- _What you should do_
Here the job is to copy the data exactly and to exclude every image from it.
======== Task input
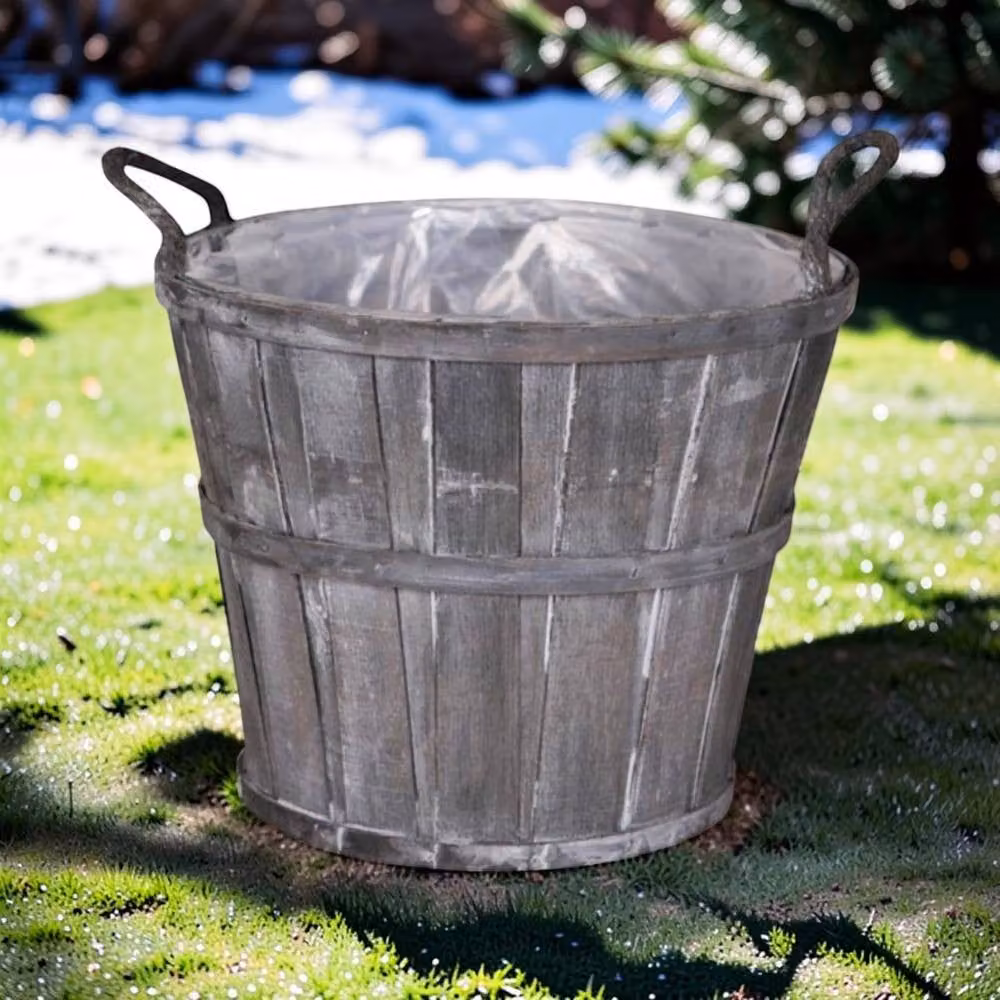 Four Candle Greywashed Wooden Barrel Planter, Grey, Height: 31 cm – 2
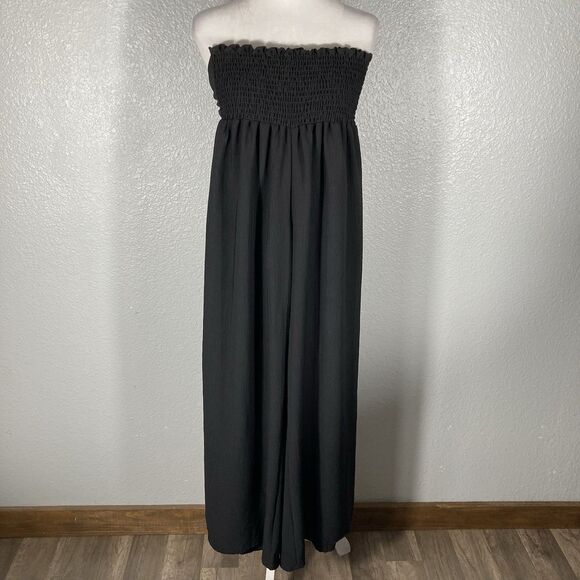 Pink Lily Pants - Womens Jumpsuit Strapless Halter Smocked Size M Black Tie Waist Wide Leg Flowy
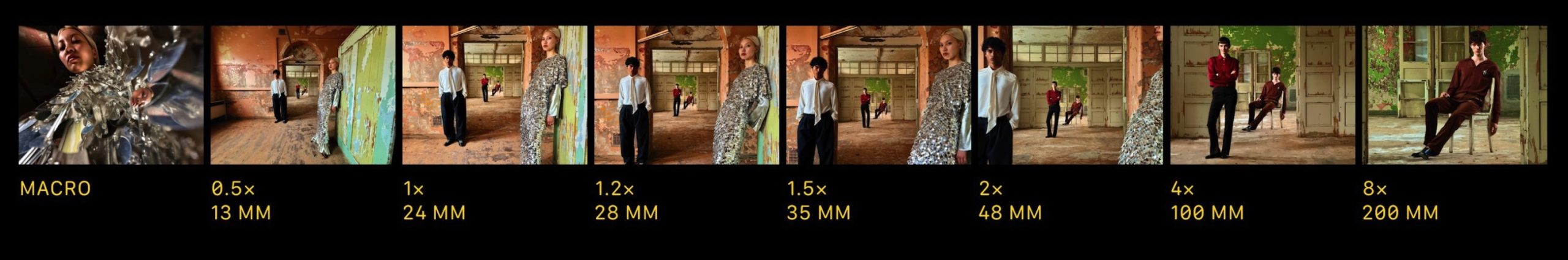 Todas las lentes del iPhone 17 Pro, tanto nativas como simuladas con recortes del sensor utilizado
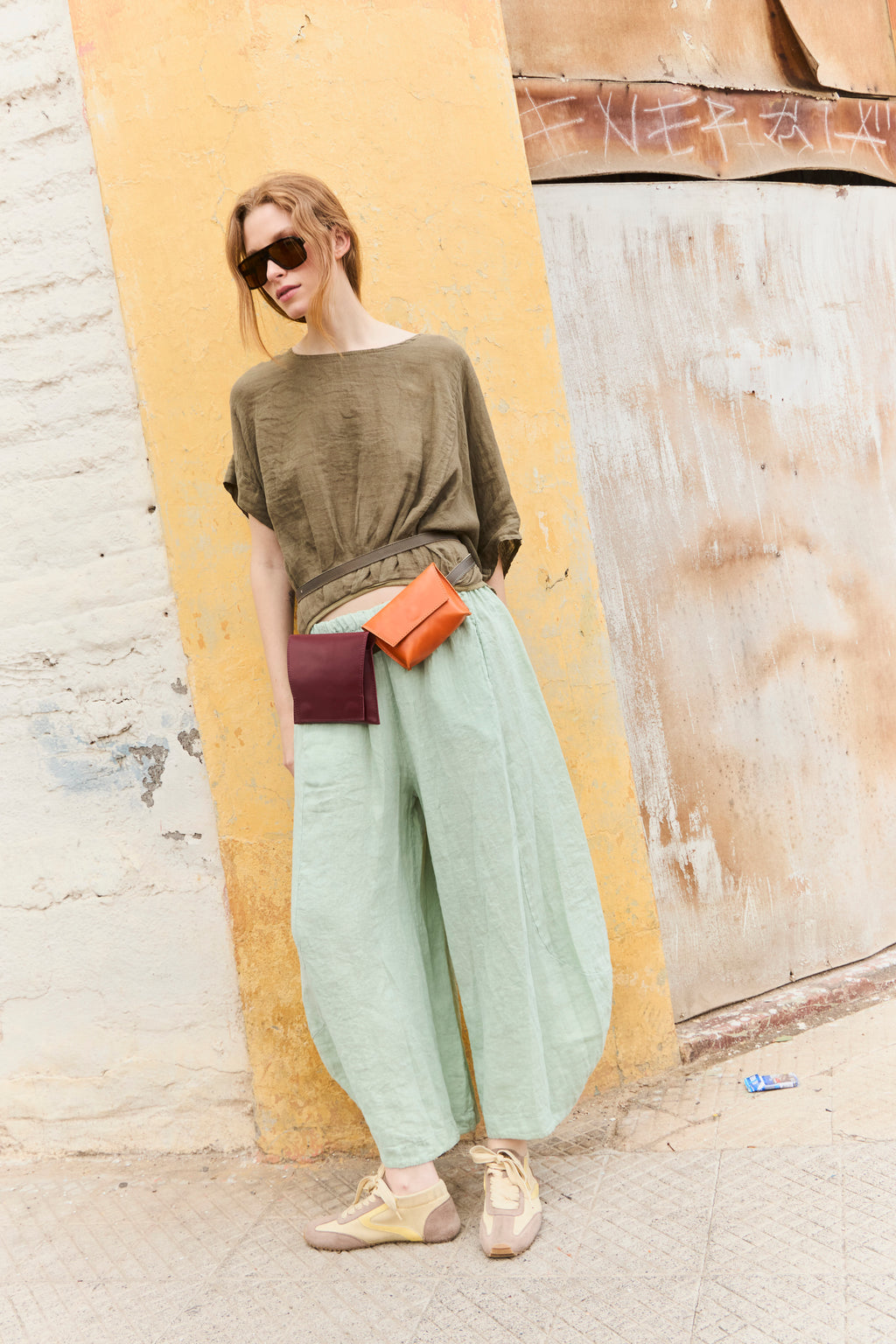 Pantalón Froisse 100% Lino Verde Agua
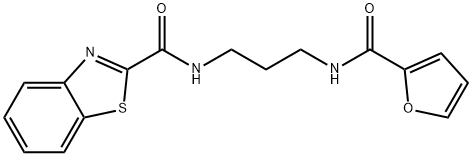 N-{3-[(furan-2-ylcarbonyl)amino]propyl}-1,3-benzothiazole-2-carboxamide 구조식 이미지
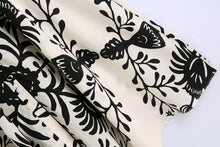 Load image into Gallery viewer, White Print Long Sleeve Button Down Midi Dress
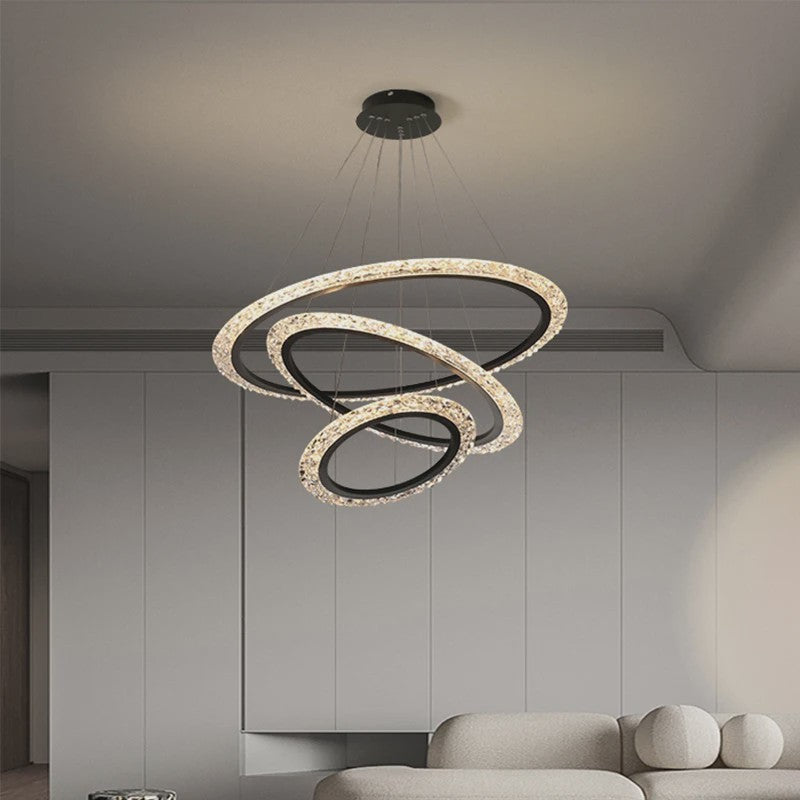 Luxe Gouden LED Ring Hanglamp met Kristaldecoratie - Modern Design Kroonluchter voor Woonkamer & Eetkamer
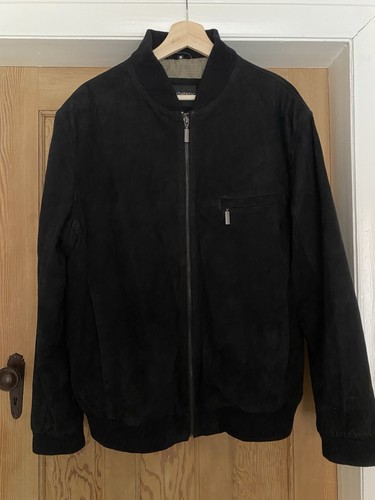Men black suede jacket - men’s,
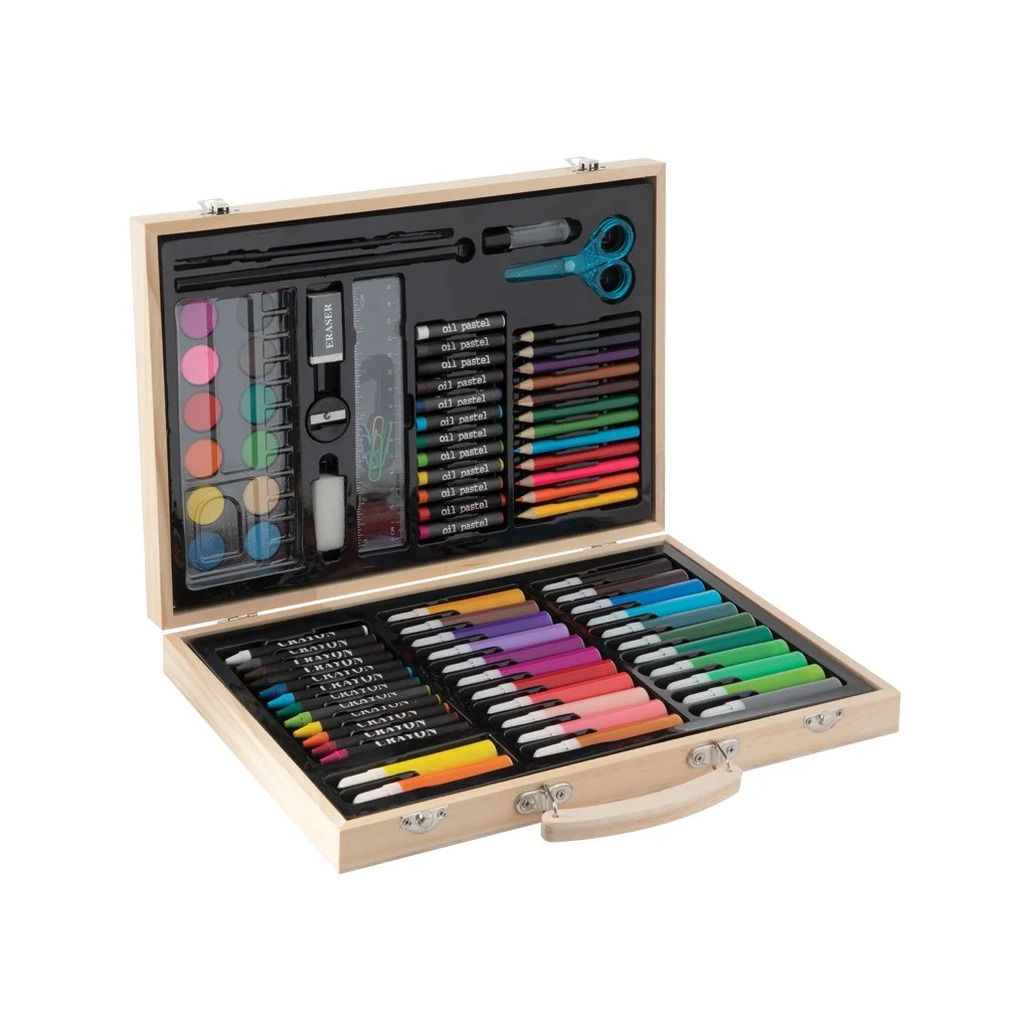 Teken en verf set - 86-delig - in houten koffer - hobbymateriaal - tekenkoffer -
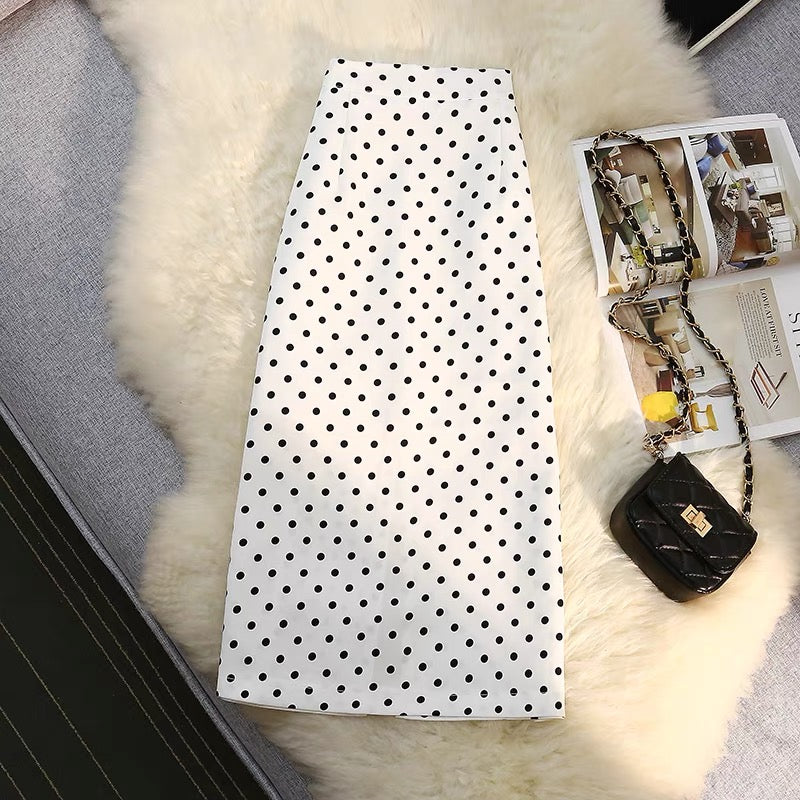 Polka dots pencil skirts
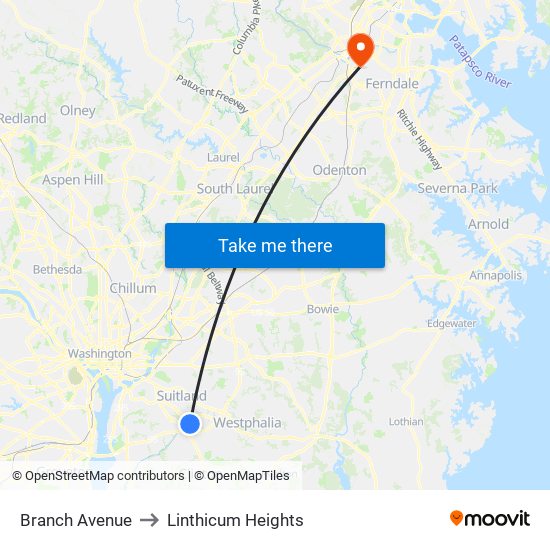 Branch Avenue to Linthicum Heights map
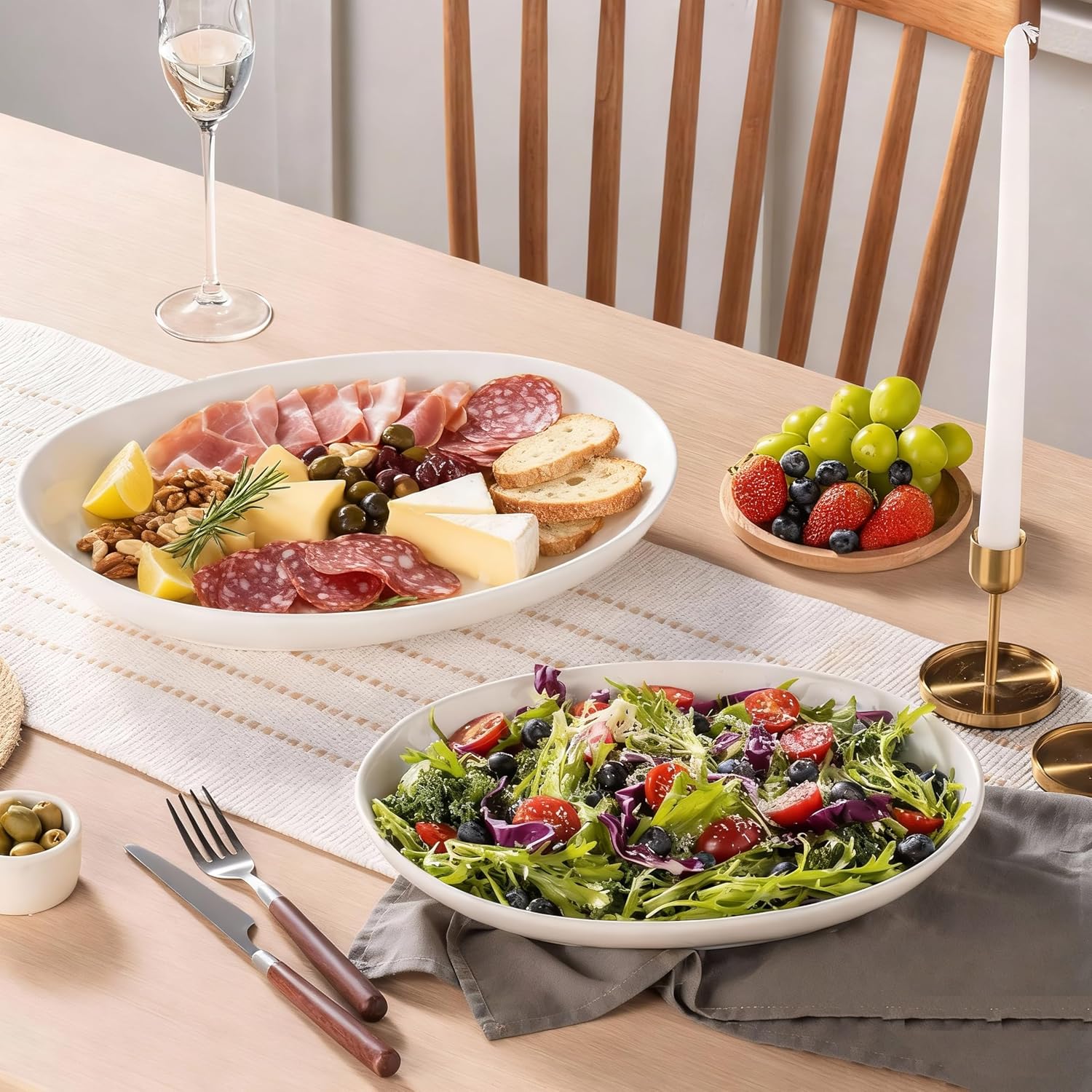 12"/14" Oval Serving Platters Set, Large Ceramic Oval Serving Dishes for Entertaining, Turkey, Fish, Salad, Appetizers, Deep Elipse Plate, Set of 2 - Image 5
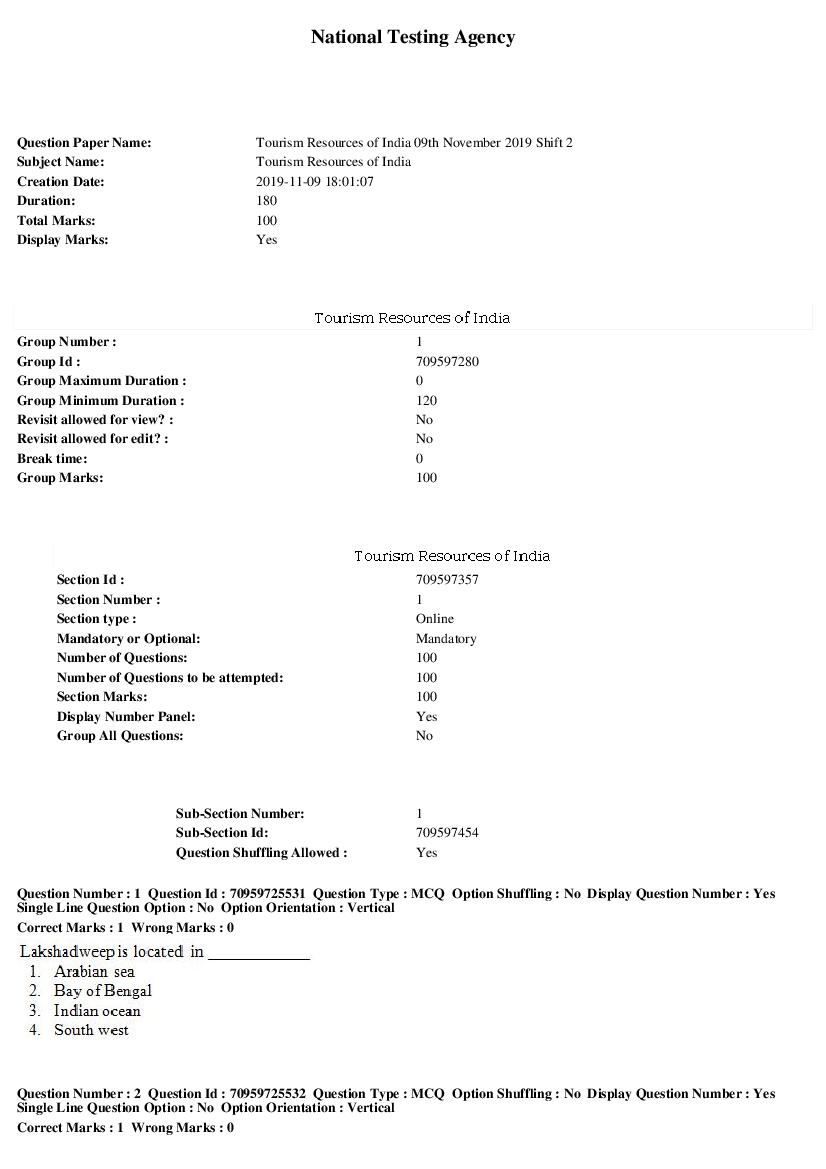 SWAYAM 2019 Question Paper Tourism Resources of India - Page 1 of 20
================
- _Task result_
 Four Candle Greywashed Wooden Barrel Planter, Grey, Height: 31 cm – 2
 Pink Lily Pants - Womens Jumpsuit Strapless Halter Smocked Size M Black Tie Waist Wide Leg Flowy
 Todas las lentes del iPhone 17 Pro, tanto nativas como simuladas con recortes del sensor utilizado
 Pantalón Froisse 100% Lino Verde Agua
 N-{3-[(furan-2-ylcarbonyl)amino]propyl}-1,3-benzothiazole-2-carboxamide 구조식 이미지
 Load image into Gallery viewer, White Print Long Sleeve Button Down Midi Dress
 Luxe Gouden LED Ring Hanglamp met Kristaldecoratie - Modern Design Kroonluchter voor Woonkamer & Eetkamer
Men black suede jacket - men’s,
 Teken en verf set - 86-delig - in houten koffer - hobbymateriaal - tekenkoffer -
 Polka dots pencil skirts
 Branch Avenue to Linthicum Heights map
 12"/14" Oval Serving Platters Set, Large Ceramic Oval Serving Dishes for Entertaining, Turkey, Fish, Salad, Appetizers, Deep Elipse Plate, Set of 2 - Image 5
 SWAYAM 2019 Question Paper Tourism Resources of India - Page 1 of 20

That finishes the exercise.